Maybe I was trying to savor a few final minutes with the yellow tractor. Maybe I thought I’d have the courage to convince my dad it didn’t need to go, that if we brought it back home with us, we could fix it, and I’d play with it again. So for whatever reason, I joined my dad on his yearly pilgrimage to the dump.
I stood idly by when he took the yellow tractor out of the minivan. He wheeled it over to the edge of the cement wall, hoisted it above his head, and threw it into the abyss—a giant dumpster ten feet below. There it joined a collage of broken appliances, lamp shades, busted chairs, and various plastic scrap.
I should have kept standing idly by, but instead, I walked over to the cement wall and peered over the edge. I thought I might have some closure; maybe it would be peaceful, like looking into an open casket. Instead, my old yellow tractor wasn’t embalmed, pretty, or peaceful. Just dead, it was lying in a raw mass grave of callously discarded, broken, worn out junk.

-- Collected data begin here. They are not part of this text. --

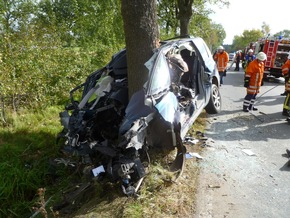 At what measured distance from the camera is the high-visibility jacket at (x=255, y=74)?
6180 mm

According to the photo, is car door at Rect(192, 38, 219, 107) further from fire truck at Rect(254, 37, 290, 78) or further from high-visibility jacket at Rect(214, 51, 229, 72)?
fire truck at Rect(254, 37, 290, 78)

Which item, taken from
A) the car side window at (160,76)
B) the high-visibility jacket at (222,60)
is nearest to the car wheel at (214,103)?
the car side window at (160,76)

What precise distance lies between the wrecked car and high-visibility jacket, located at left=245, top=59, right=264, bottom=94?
206 cm

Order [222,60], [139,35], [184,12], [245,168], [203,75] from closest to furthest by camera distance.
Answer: [139,35] → [245,168] → [203,75] → [222,60] → [184,12]

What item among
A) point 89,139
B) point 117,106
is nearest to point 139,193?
point 89,139

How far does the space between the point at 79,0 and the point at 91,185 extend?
11362 mm

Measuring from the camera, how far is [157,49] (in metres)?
3.80

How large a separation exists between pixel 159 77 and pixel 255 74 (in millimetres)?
3773

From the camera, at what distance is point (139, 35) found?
362 cm

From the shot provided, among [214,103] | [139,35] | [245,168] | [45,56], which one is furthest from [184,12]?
[245,168]

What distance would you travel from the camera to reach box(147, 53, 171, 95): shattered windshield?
3.29 metres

Sometimes I can still feel my lips tremble, the painful lump in my throat, the water pooling beneath my eyelids trying desperately to escape. I had to summon every ounce of my eight-year-old strength, but I fought off the tears that day as I looked on my yellow tractor for the final time.
My dad told me recently what my face looked like when I bid the tractor goodbye. He said I looked like he had just thrown my puppy into the dumpster, or worse, my entire childhood.
He said that it was painful for him, too, not because he was particularly attached to that toy, but because he knew better than me that our trip to the dump that morning marked the end of an era. My brother and I had replaced our plastic tractor with bicycles, baseball gloves, and motor scooters. We were still boys, but we’d outgrown the early stages of our childhood.
What I remember best about that morning is what my dad told me as we were driving away from the dump. Though my cheeks weren’t wet, I guess I was still visibly traumatized. He told me it was okay that I have a hard time letting go of things. He explained the concept of nostalgia—a Greek word meaning “sweet ache”—and he told me it might mean that I’m supposed to be a writer.
Whether or not I’m destined to be a writer, nostalgia continues to preserve my memories. And thanks to the “sweet ache” that keeps me awake some nights thinking about my childhood, I’ll never forget the way that when I was small, my brother used to place me in that yellow tractor’s plastic bucket, pick me up, and pedal me around our yard.
I’ll never forget the many times that my parents walked around our block pushing my brother and me in that yellow tractor. And I’ll certainly never forget the day my brother tied a rope from the seat post of his bicycle to the front axle of the tractor and dragged me around our neighborhood until I skidded, flipped, and rolled into our neighbor’s yard. It was one of the many events that fractured and wore its mortal parts and made it dump-worthy.
Though at times I wish I could forget the image of our worn-out yellow tractor lying in a dumpster amidst a collection of other people’s forgotten debris. It is that image which is indelible. An image etched in yellow that helps me appreciate the inevitable aches that eventually come from all of life’s cherished sweetness.